El calor del fuego había llegado hasta el sitio de Igraine, que dirigió su mirada por primera vez a la mesa principal, donde su marido observaba con cierto recelo el espectáculo. A su lado, pudo verlo, por primera vez fijó la vista en él, allí donde estaba Uther Pendragón en persona, el hombre de los mil nombres, el rey de los mil siervos, que también la miraba a través de las llamas. Igraine bajó la cabeza de inmediato. Su madre la había advertido acerca de los hombres que miraban así, que posaban sus atrevidos ojos sobre ella, batiendo sus pestañas como alegres águilas del tamaño de gorriones, que veían en ella el contorno de una sopa caliente en invierno, de los hombres cuyas voces aparecían graves y cálidas como brasas de una hoguera familiar, siempre en otoño, quizá en invierno, nunca en verano. «Cuídate de los hombres que te miran con pupilas como ojos de la noche», le había dicho, peinándole el cabello el día antes de enviarla a Cornualles, «y de los hombres que te apartan con un roce casual en el brazo, cerca del codo, y se disculpan tantas veces que parecen honestos. Cuídate, ingenua Igraine, de los hombres que descargan sobre ti todo su amor como un torrente bosqueño, hasta hacerte creer que debes beber, ávida, de sus labios como un manantial».

—¡Mi señor, habéis sido herido! —El otro juglar se agachó para socorrer al que fingía ser Uther, retorcido en el suelo—. ¡No temáis, pues yo sabré vengaros!

Una tercera llamarada atacó entonces a los caballeros, más fuerte y grande, casi rozando los bancos de madera más cercanos. La conmoción entre los asistentes resultó total y varios niños apartaron con cuidado los vestidos de sus madres para poder ver entre las telas, lejos del peligro.

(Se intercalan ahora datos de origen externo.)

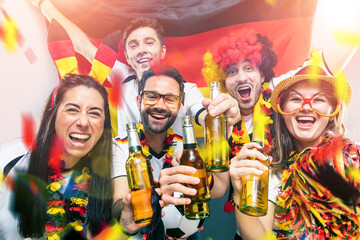 Gruppe glücklicher Fußballfans aus Deutschland feiern gemeinsam einen Meisterschaft Sieg.
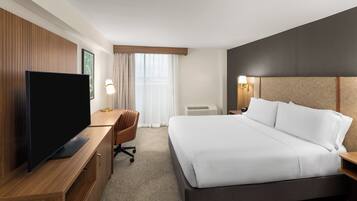Habitación de hotel con una cama grande, un televisor sobre un escritorio de madera, una silla y una ventana con cortinas.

—¿No os parece excesivo? —Igraine no recordaba estar sentada junto a un hombre, así que, cuando se giró para ver quién le había hablado, solo encontró una nuca morena ocupada en untarse mermelada en el pan—. Alguien podría resultar herido.

—Es un día especial, mi señor —respondió tratando de descubrir su perfil—. Estos hombres ya habrán representado esta función en cien ocasiones, no hay de qué preocuparse.

—El rey parece preocupado.

Igraine había apretado con rabia los labios, evitando mirar hacia la tarima real.

—Supongo que es el trabajo de un rey preocuparse por todo —rebatió.

—No de este.

—¡Y con este filo certero, bajo la ayuda de santa Catalina, yo te doy muerte! —El falso Uther se había levantado y, fingidamente magullado, atravesó la axila del dragón hasta que este, exhalando una última bocanada de fuego, cayó muerto al suelo—. ¡Y en este día yo libero Camelot!

El verdadero Uther fue el primero en ponerse en pie, al que siguieron todos los presentes para aplaudir a los actores, que hacían grandes aspavientos y reverencias en todas direcciones, incluso el que había hecho de bestia se atrevió a acercarse a un grupo de doncellas a las que entregó flores de vibrantes colores y aún más vibrantes aromas. Gorlois aplaudía de forma calmada al lado del monarca, y fue también de los primeros en volver a sentarse, en continuar bebiendo vino y observar con gran desinterés cómo un nuevo grupo de bailarines llegaba para entretener a los invitados. Volvió la cabeza hacia su esposa, quien acababa de descubrir, en el silencio que la rodeaba hasta aislarla de la fiesta, que los ojos del hombre con el que había hablado eran blancos y blancas sus pestañas.